# Regress predicted and realized values

I am trying to fit a model of the form

$$y=f(x)+u$$

where $x$ is a vector variable and $u$ an independent random noise. I tried to fit the unknown function $f$ by different machine learning methods (SVM, MARS, etc.)

I split my data into training and validation sets. After fitting the model on the training set, I test it on a validation set, and I plot $y$-realized versus $y$-predicted, and do a linear regression on that scatter plot. I obtain a very small intercept but a coefficient of $0.5$, while I was naively expecting a coefficient near to 1.

Does this regression coefficient tell me something about the quality of fit of my original model or about the original model itself?

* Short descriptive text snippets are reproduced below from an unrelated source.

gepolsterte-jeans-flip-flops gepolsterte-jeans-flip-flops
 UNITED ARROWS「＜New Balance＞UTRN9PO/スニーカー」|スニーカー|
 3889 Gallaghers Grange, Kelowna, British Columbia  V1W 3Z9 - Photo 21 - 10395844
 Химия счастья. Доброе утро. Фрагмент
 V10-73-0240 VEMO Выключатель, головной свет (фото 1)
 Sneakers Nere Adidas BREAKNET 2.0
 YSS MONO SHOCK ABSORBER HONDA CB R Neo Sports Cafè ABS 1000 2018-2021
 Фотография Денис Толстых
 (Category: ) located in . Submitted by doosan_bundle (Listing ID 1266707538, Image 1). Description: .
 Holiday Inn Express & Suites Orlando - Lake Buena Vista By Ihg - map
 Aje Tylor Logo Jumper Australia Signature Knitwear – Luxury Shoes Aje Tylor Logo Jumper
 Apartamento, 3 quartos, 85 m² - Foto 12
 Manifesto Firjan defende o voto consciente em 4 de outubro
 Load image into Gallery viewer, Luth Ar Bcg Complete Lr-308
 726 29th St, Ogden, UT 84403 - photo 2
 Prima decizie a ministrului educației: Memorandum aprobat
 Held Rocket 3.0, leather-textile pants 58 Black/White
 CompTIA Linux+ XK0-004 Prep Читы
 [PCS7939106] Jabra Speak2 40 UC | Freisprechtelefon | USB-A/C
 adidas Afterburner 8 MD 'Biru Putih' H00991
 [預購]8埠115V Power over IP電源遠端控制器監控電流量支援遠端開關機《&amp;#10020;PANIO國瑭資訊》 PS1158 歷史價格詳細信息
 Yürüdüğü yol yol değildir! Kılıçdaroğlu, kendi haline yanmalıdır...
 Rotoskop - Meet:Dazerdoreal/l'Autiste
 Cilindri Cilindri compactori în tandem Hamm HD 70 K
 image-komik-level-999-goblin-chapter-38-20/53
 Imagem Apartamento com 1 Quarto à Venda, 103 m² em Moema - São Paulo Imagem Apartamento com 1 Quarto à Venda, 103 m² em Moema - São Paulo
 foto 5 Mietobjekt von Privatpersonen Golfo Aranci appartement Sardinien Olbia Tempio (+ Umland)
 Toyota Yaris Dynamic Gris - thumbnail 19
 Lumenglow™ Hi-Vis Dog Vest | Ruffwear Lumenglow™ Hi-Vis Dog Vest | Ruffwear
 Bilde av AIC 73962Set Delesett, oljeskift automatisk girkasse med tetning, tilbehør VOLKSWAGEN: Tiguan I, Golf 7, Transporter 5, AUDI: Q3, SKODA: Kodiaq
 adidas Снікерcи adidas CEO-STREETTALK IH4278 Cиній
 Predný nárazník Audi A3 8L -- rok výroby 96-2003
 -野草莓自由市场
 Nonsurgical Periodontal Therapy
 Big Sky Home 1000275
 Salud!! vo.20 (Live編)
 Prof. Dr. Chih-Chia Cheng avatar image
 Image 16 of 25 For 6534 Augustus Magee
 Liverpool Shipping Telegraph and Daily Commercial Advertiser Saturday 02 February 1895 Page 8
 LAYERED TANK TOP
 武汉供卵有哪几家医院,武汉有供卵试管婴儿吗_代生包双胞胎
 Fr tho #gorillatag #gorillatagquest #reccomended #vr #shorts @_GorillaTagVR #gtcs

Yes, it does. Indeed, a good forecast should be associated with a zero intercept and a unit slope in your setting. Deviations from that indicate forecast suboptimality. The idea is formalized by the Mincer-Zarnowitz test. Given forecasts $\hat y_i$ and realized values $y_i$, the regression
$$y_i = \beta_0 + \beta_1 \hat y_i + \varepsilon_i$$
should ideally (optimally) have zero intercept and unit slope, i.e. $\beta_0=0$ and $\beta_1=1$, which constitutes a testable hypothesis (the Mincer-Zarnowitz test); see Diebold "Forecasting in Economics, Business, Finance and Beyond", p. 337, for an introduction (the textbook is regularly updated so the page number may change over time; just search the pdf for "Mincer" and you will find it).
However, note that a zero intercept and a unit slope do not completely determine the goodness of your forecast. $\beta_0=0$ and $\beta_1=1$ indicates good accuracy but does not say anything about precision. You could have $\beta_0=0$ and $\beta_1=1$ combined with very high error variance $\text{Var}(\varepsilon_i)$ so that mean squared forecast error would still be high and hence the forecast not very satisfactory.